Chinese researchers have measured the impact that textile dyeing wastewater treatment processes have on the removal of pollutant microfibers, which have shed from textiles. For the first time ever, they found the use of modern wastewater treatment processes removed above 95 percent of microfibers.
According to a research paper, the researchers selected a standard textile industry wastewater treatment plant (WWTP) which received the production wastewater of 33 printing and dyeing enterprises, between them treating an average of 30,000 tons per day of wastewater, which is discharged from the WWTP.
However, they suggested that, due to the huge volume of effluent involved, even a modest amount of microfibers being released per liter of effluent could result in significant amounts of fibers entering the environment.
They compared influent and effluent to measure the impact of modern treatment processes on the amount and type of microfibers contained in wastewater. They unveiled the average amount of microfibers was 334.1 (±24.3) items per liter of influent, and that reduced to 16.3 (±1.2) items per liter in the final effluent – a decrease of 95.1 percent.

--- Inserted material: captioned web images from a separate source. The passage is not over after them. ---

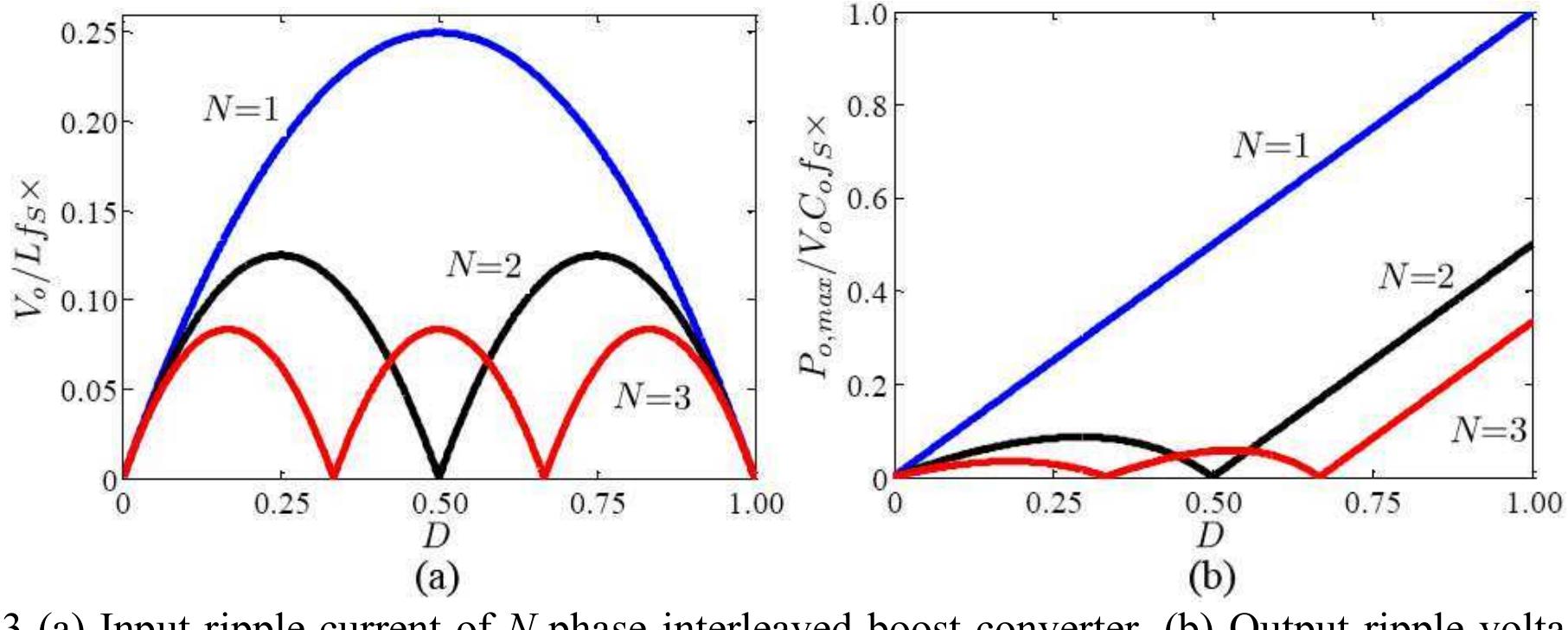 Figure 3 - from Design and Implementation of an Interleaved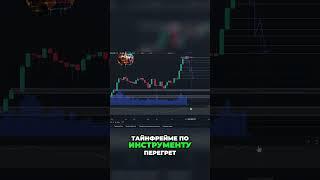 БИТКОИН перегрет: почему коррекция неизбежна?  #криптовалюта  #trading #bitcoin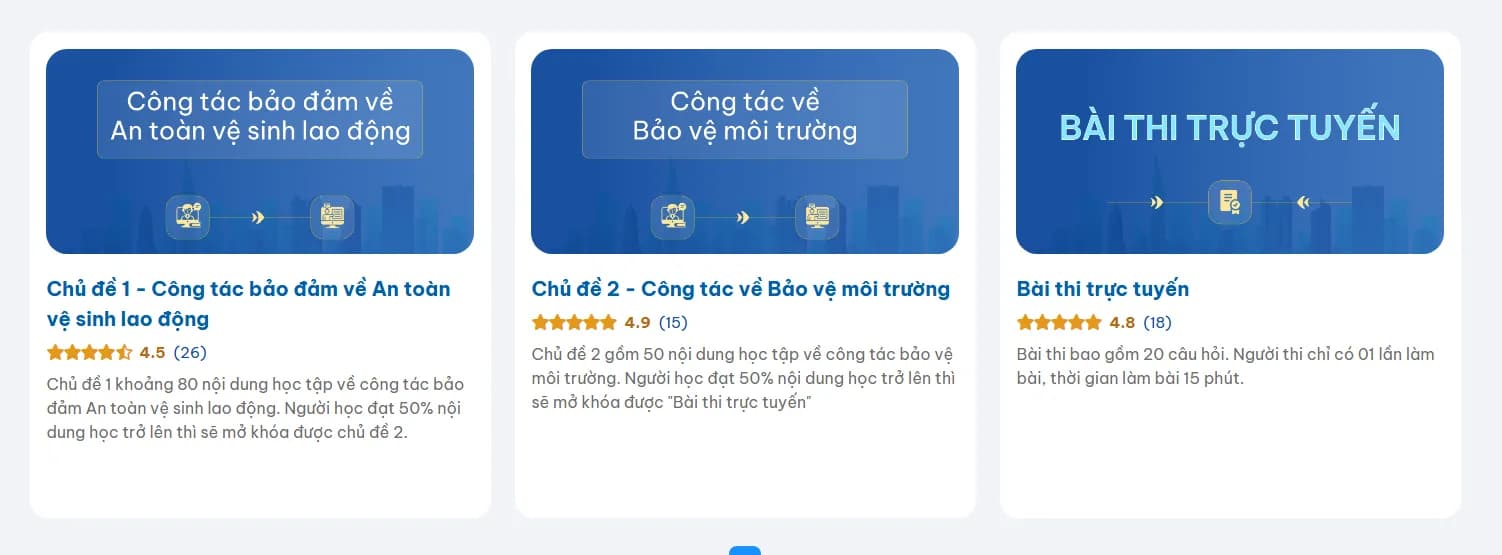 Cơ cấu bài thi và kiến thức chuyên đề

The paper said that textile dyeing WWTP had an effective removal on pollutants including microfibers in wastewater. The study also indicated that the abundance of microfibers reduced at varying rates across different stages of treatment, which could provide a reference for the improvement of sewage treatment facilities in the future.
The researchers further added, “Despite this large reduction we calculated that this textile industry WWTP was releasing 4.89 × 108 of microfibers including microplastic fibers and non-micro plastic fibers into the receiving water every day.”
They showed that despite the removal rates of microplastic fibers and non-micro plastic fibers achieved by this modern treatment plant when dealing with such a large volume of effluent even a modest amount of microplastics being released per liter of effluent could result in significant amounts of fibers entering the environment.